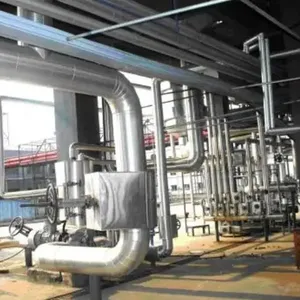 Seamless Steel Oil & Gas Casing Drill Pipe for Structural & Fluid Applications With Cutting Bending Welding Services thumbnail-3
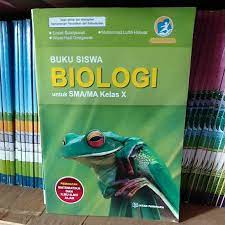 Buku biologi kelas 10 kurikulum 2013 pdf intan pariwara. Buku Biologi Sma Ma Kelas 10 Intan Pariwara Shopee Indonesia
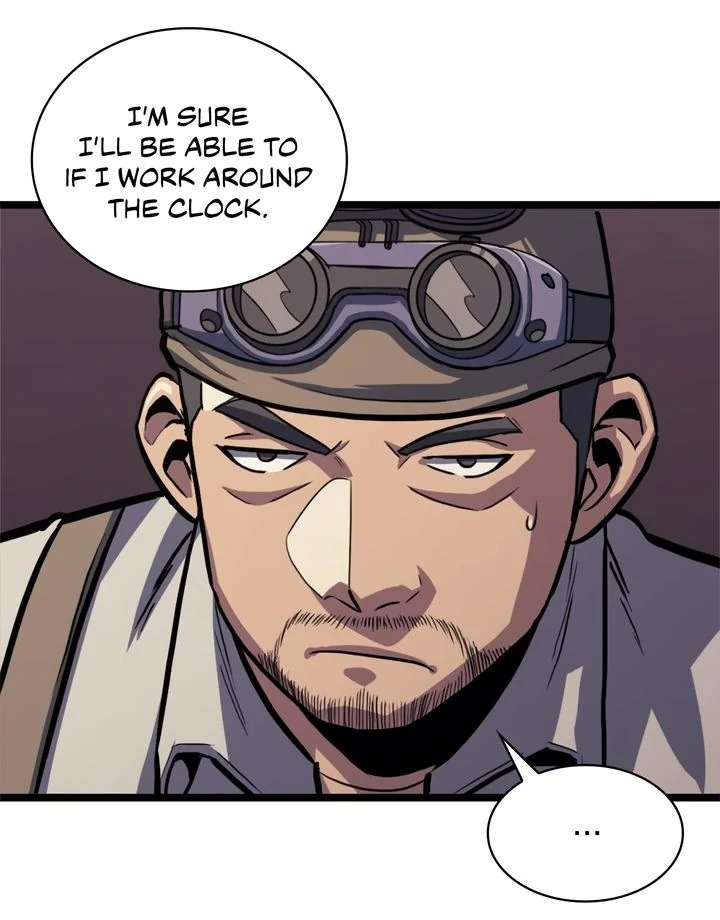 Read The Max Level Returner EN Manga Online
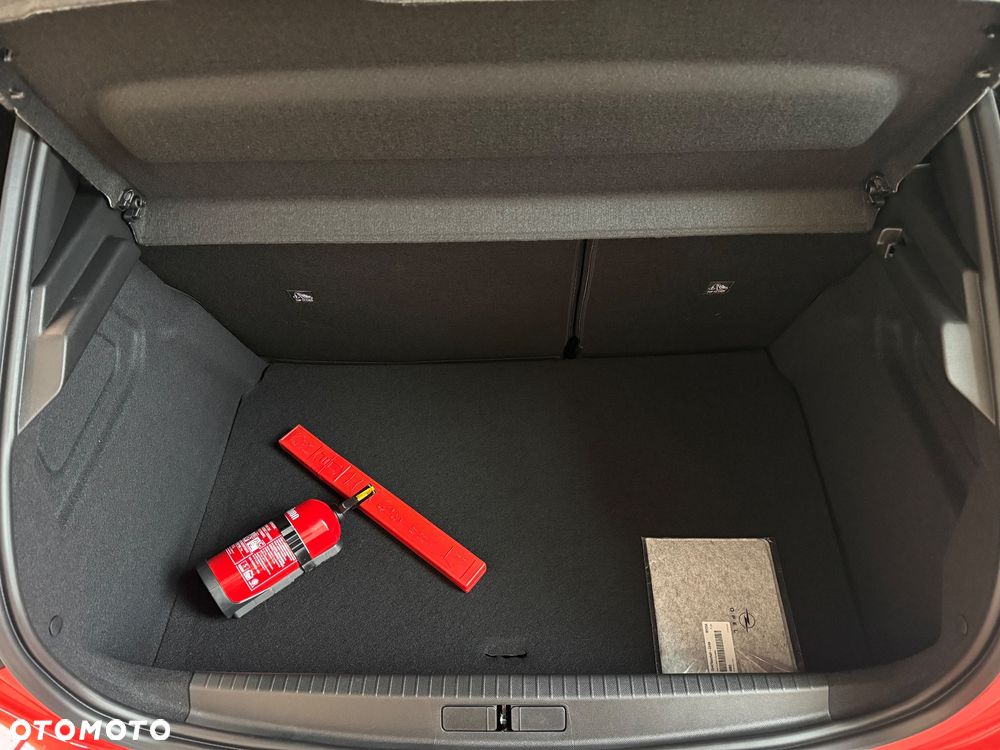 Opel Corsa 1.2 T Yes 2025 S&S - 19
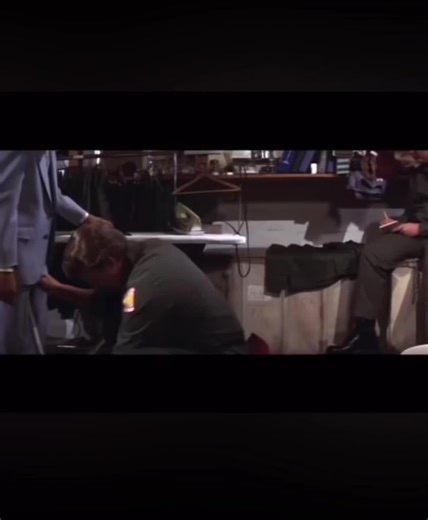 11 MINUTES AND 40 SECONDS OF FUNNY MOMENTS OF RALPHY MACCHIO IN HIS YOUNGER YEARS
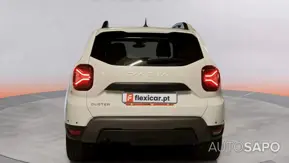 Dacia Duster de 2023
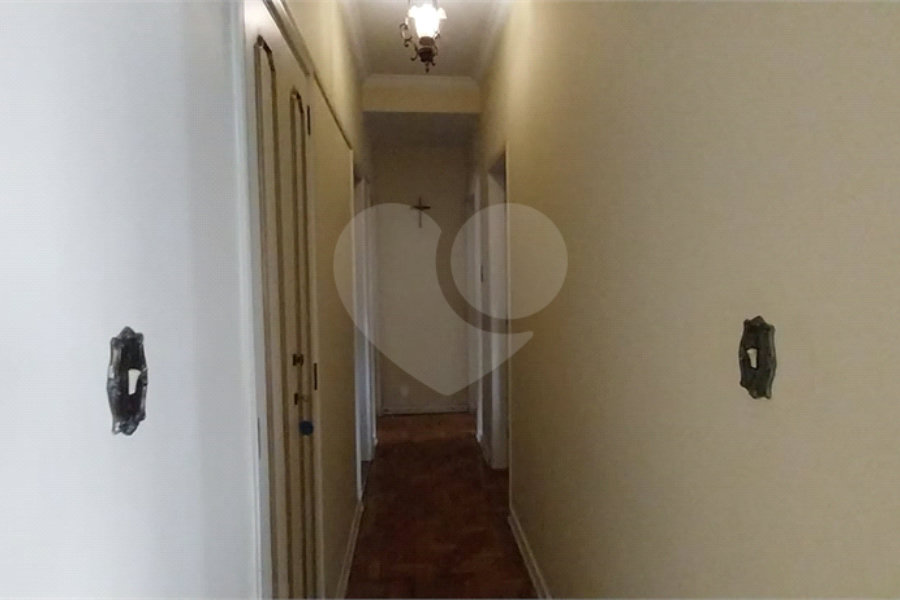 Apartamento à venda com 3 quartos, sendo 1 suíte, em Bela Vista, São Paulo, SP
---+---
§ Task details
A word-for-word reprint of the listing above is needed, minus the pictures.

§ Written answer
 Seamless Steel Oil & Gas Casing Drill Pipe for Structural & Fluid Applications With Cutting Bending Welding Services thumbnail-3
 Buku biologi kelas 10 kurikulum 2013 pdf intan pariwara. Buku Biologi Sma Ma Kelas 10 Intan Pariwara Shopee Indonesia
 Read The Max Level Returner EN Manga Online
 Opel Corsa 1.2 T Yes 2025 S&S - 19
 11 MINUTES AND 40 SECONDS OF FUNNY MOMENTS OF RALPHY MACCHIO IN HIS YOUNGER YEARS
 Dacia Duster de 2023
 Apartamento à venda com 3 quartos, sendo 1 suíte, em Bela Vista, São Paulo, SP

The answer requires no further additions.